More information about processing_time, output_mode and checkpoint_path can be found in Spark documentation: [here](https://spark.apache.org/docs/latest/structured-streaming-programming-guide.html)
- Returns:
Streaming handler.
- static write_table(dataframe: DataFrame, database: Optional[str], table_name: str, path: str, format_: Optional[str] = None, mode: Optional[str] = None, partition_by: Optional[List[str]] = None, **options: Any) None ¶
Receive a spark DataFrame and write it as a table in metastore.
- Parameters:
dataframe – spark dataframe containing data from a feature set.
database – specified database name.
table_name – specified table name.
path – string with the local to save the table.
format – string with the format used to save.
mode – writing mode, it can be: “error”, “append”, “overwrite” or “ignore”. More information: [here](https://spark.apache.org/docs/2.3.0/sql-programming-guide.html#save-modes).
partition_by – names of partitioning columns.
options – all other options that can be used in a DataFrameWriter.
Module contents¶
Holds connection clients.
- class butterfree.clients.AbstractClient¶
Bases:
ABC
Abstract base class for database clients.
- abstract property conn: Any¶
Returns a connection object.
- abstract get_schema(table: str, database: Optional[str] = None) Any ¶
Returns desired table schema.
- table¶
desired table.
- Returns:
A list of dictionaries in the format [{“column_name”: “example1”, type: “Spark_type”}, …]
- abstract sql(query: str) Any ¶
Runs a query.
- Parameters:
query – client query.
- Returns:
Set of records.
- class butterfree.clients.CassandraClient(host: List[str], keyspace: str, user: Optional[str] = None, password: Optional[str] = None)¶
Bases:
AbstractClient
Cassandra Client.
- user¶
username to use in connection.
- password¶
password to use in connection.
- keyspace¶
key space used in connection.
- host¶
cassandra endpoint used in connection.
- property conn: Session¶
Establishes a Cassandra connection.
- create_table(columns: List[CassandraColumn], table: str) None ¶
Creates a table.
- columns¶
a list dictionaries in the format [{“column_name”: “example1”, type: “cql_type”, primary_key: True}, …]

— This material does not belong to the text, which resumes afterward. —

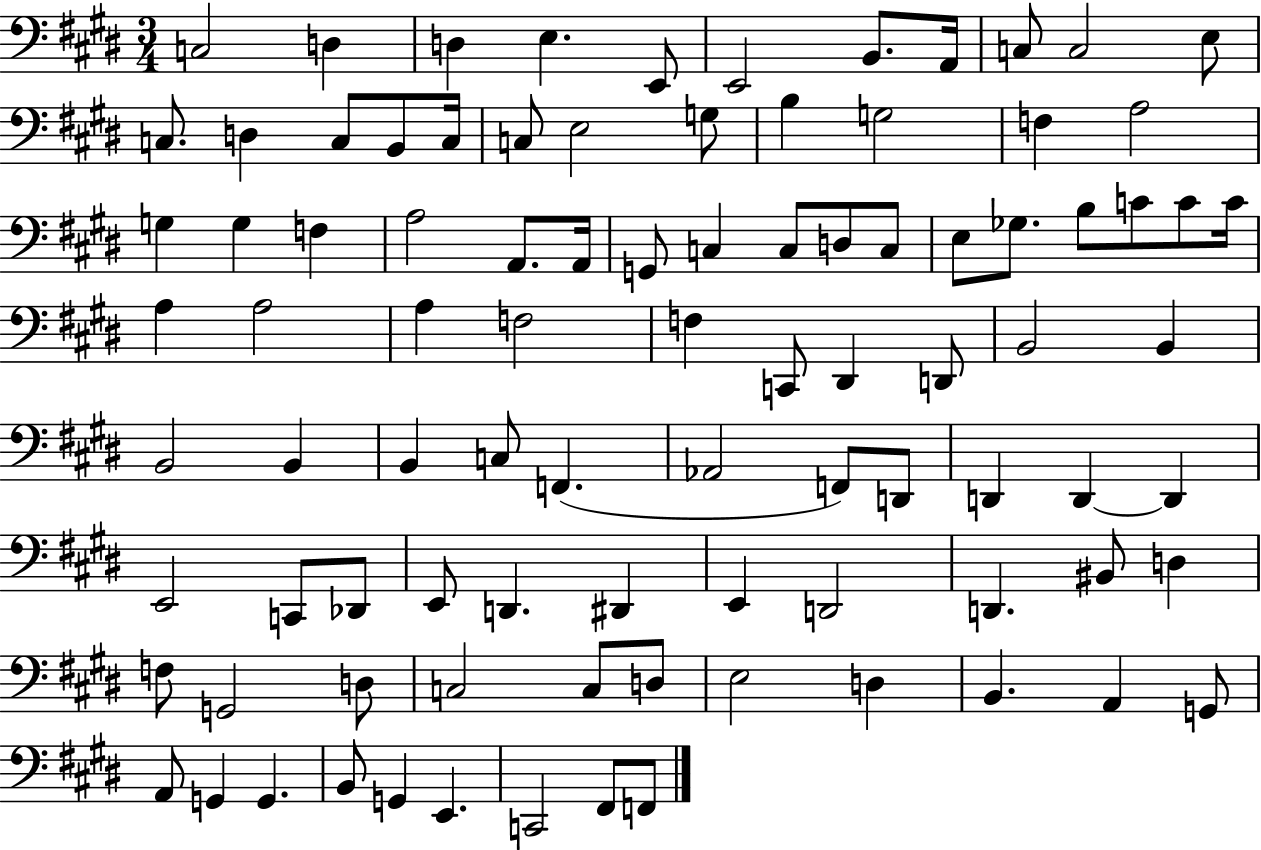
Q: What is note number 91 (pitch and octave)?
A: F#2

- class butterfree.clients.SparkClient¶
Bases:
AbstractClient
Handle Spark session connection.
Get query results with SQL, reads and writes data on external systems.
- add_table_partitions(partitions: List[Dict[str, Any]], table: str, database: Optional[str] = None) None ¶
Add partitions to an existing table.
- Parameters:
partitions – partitions to add to the table. It’s expected a list of partition dicts to add to the table. Example: [{“year”: 2020, “month”: 8, “day”: 14}, …]
table – table to add the partitions.
database – name of the database where the table is saved.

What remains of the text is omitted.